Dear Mr. Wolfe—Clara, my wife of fifty-two years, died a few weeks ago. She loved your books. She read them and reread them every few years like she was revisiting a close friend. She tried to get me to read them but I was never a big reader. Even so, now that she’s gone I’ve been reading
Look Homeward, Angel
. It’s slow going but sometimes I’ll come across a comment Clara scribbled in the margins, and it’ll be like hearing her voice. She’s buried nearby. I thought you’d want to know you have an admirer in the neighborhood
.

Gratefully
,

Paul Fallon

“Reading someone else’s mail?”

Grover whirled around and found Matthew standing there.

“I’d say you have a pretty high startle response,” Matthew said, pushing his wire-rim glasses up on his nose.

“I thought you were gone.” Grover’s heart pounded as he stuck the letter back in the envelope and leaned it against Wolfe’s headstone. He felt irritated, even angry. He picked up the wheelbarrow and started walking quickly toward the entrance.

“I came by to tell you something,” Matthew said, walking along beside him.

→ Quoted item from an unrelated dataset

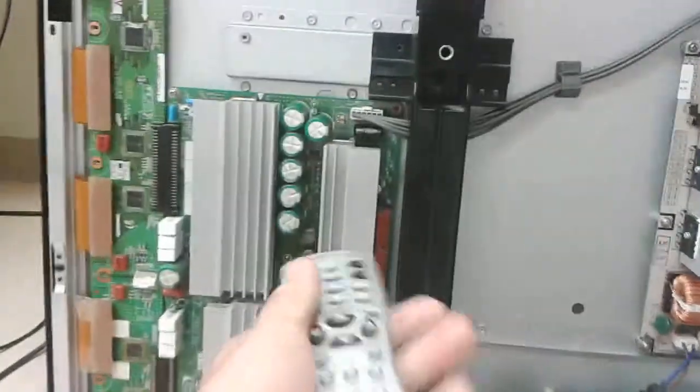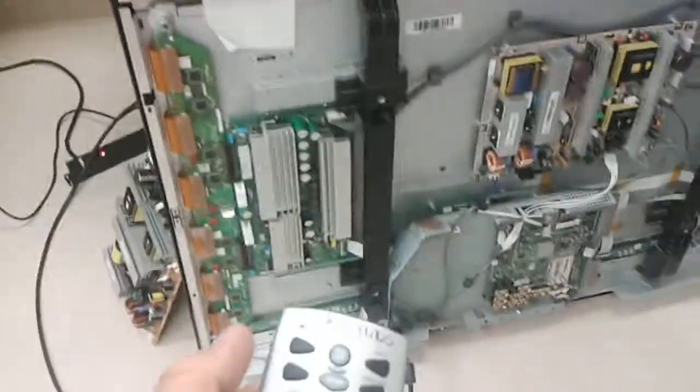So that's the remote, that's our Y-Sustain, our buffer is our set, and it's the original power board. Powering on. Welcome signal.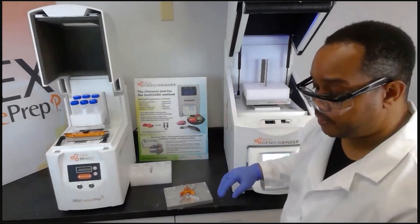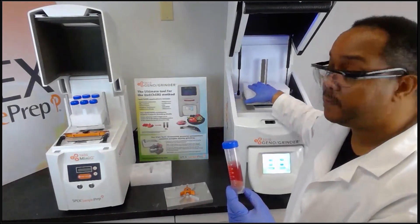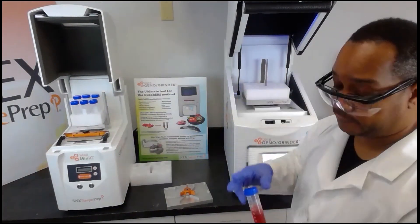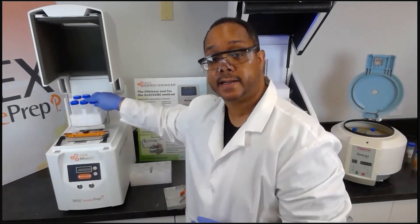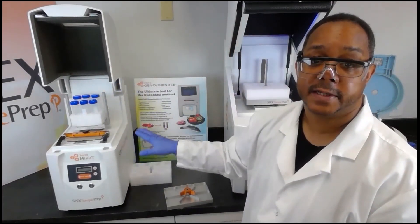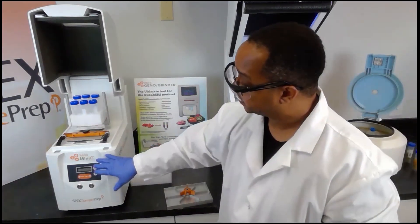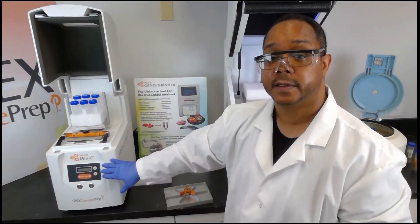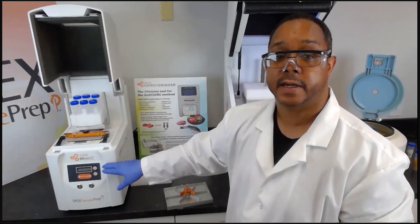In the GenoGrinder you can run sixteen 50 milliliter tubes, whereas in the Mini-G you can only run six. The speed and time parameters can be set just as with the GenoGrinder, but the difference is the Mini-G has a much simpler control panel with no touch screen — you can only set the time and the rate.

Grover didn’t slow down. He didn’t want to hear whatever Matthew had to tell him. Every time this guy opened his mouth Grover’s world was turned upside down.

“You aren’t to blame for what happened to your mother,” Matthew said.

Grover stopped the wheelbarrow. “Because you are?”

“No,” Matthew said.

“Then who’s to blame?”

“I was in the middle of a history exam last week,” he said. “One essay question was ‘Who was responsible for dropping the atomic bomb on Hiroshima?’ At first I thought how could that be an essay question? It was a two-word answer—Harry Truman. But then I got to thinking that the pilots and crew of the
Enola Gay
actually dropped the bomb. Or you could blame Einstein for writing Roosevelt about the possibility of such a bomb in the first place. Or you could blame Oppenheimer or the guys at Oak Ridge. Or you could blame the American people, who didn’t
want more GIs dying on foreign soil. Or you could even argue that the Japanese brought it on themselves. You could argue that all of humanity dropped that bomb. You could say everybody was to blame. Or …” He looked at Grover with his eyebrows raised. “… you could say that nobody was to blame.”